I went to a Design Leadership dinner at the beginning of the year, and organizational challenges were the most recurrent topic. As the host pointed out, most of today’s Design and UX managers come from a creative background, and have less knowledge and experience when it comes to organizations.

Perhaps that’s why we sometimes struggle to find a place for Design within traditionally structured businesses.

Yet Design is not the icing on the cake (or the cherry); it needs to be embedded throughout the organization, and this changes how people work together. Here are the impacts I’ve seen while setting up the design practice at Societe Generale CIB.

This piece is part of a series exploring the use of design to rethink Corporate & Investment Banking services. Part 1 is here and part 3 here.

Impact 1: Ditching the expert mentality and admitting “I don’t know”

Experts have dominated systems and interfaces developments for many years and in many industries. This had led screens to be seen as merely the graphical output of an engineered system — and not designed with the users in mind.

In this context, experts would conclude that it is the users’ fault when a system misuse occurs and request more training resource to be made to “educate” them:

Who enjoys reading training material written by the experts? Not me!

Today, there is a shift underway.

As our tools become more accessible, we acknowledge that badly designed solutions cost money and may have an impact on operational risks. And this is not because of users’ lack of training, but rather because of over-engineered solutions.

The same goes for the “I know better” mentality.

We traditionally value such assertiveness.
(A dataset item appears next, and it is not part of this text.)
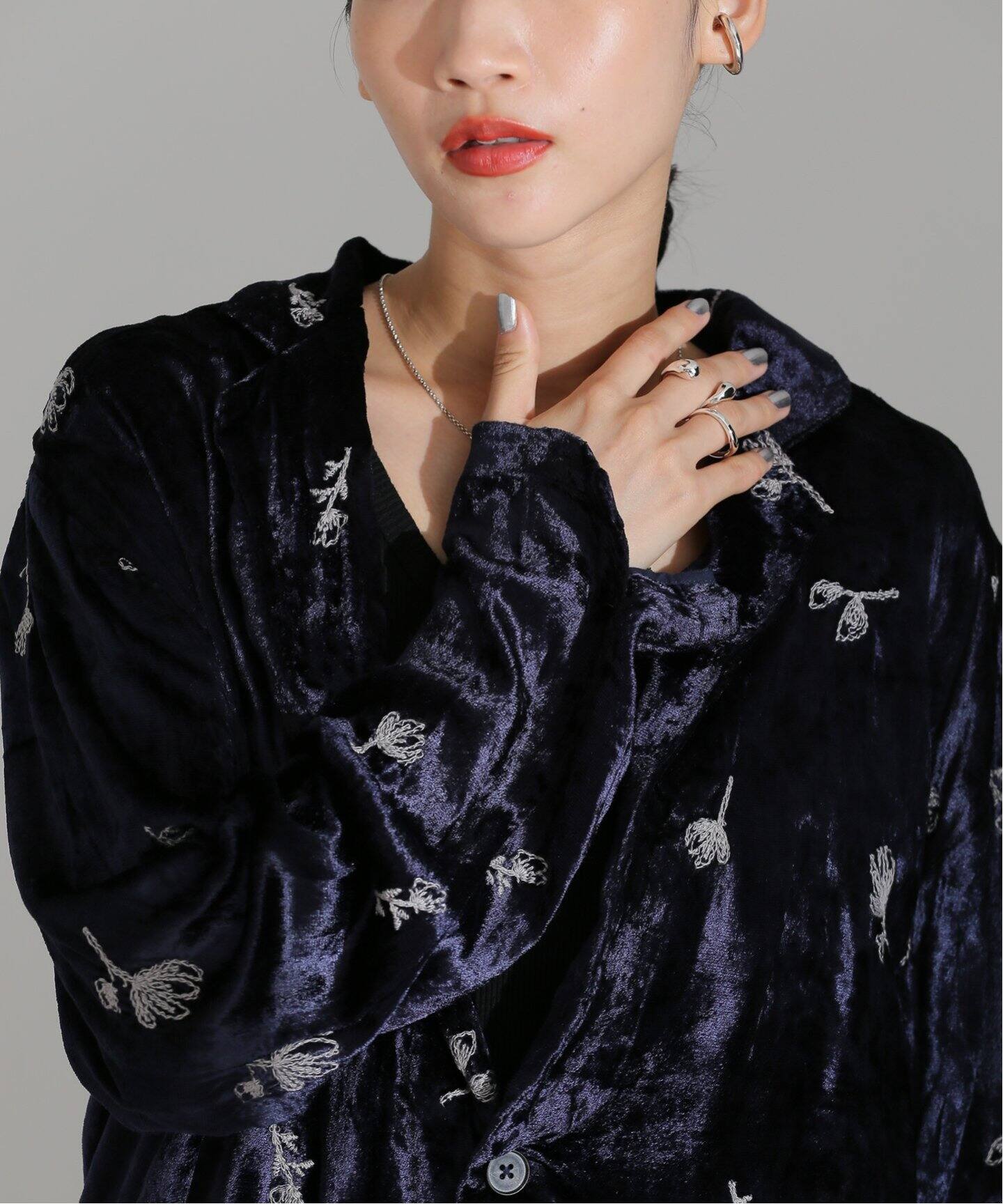 TODAYFUL Embroidery Velour Jacket（その他ジャケット・スーツ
For decades, managers have been trained to “defend and deflect”, fighting back any criticism with confidence, and pivoting the blame. Because they know what’s right… right? Unfortunately, this approach tends to push everyone into presenting their assumptions as facts. But assumptions — whether at work or in our private lives — are very often flawed and frequently get us into trouble.

Does it mean that we know nothing?

Now, I’m not saying that we must question everything. To clarify: an assumption is something you think is true; a fact is something you know is true. The difference between them? It’s the burden of proof.

I cringe inwardly whenever I hear someone say “we need to do an app” or “we need to do a portal” without quoting the slightest piece of research. When this comes from a manager, I’d tell them to delegate and get insights from their front-line workers first. By investing on market and user research, we will be closer to understanding real needs.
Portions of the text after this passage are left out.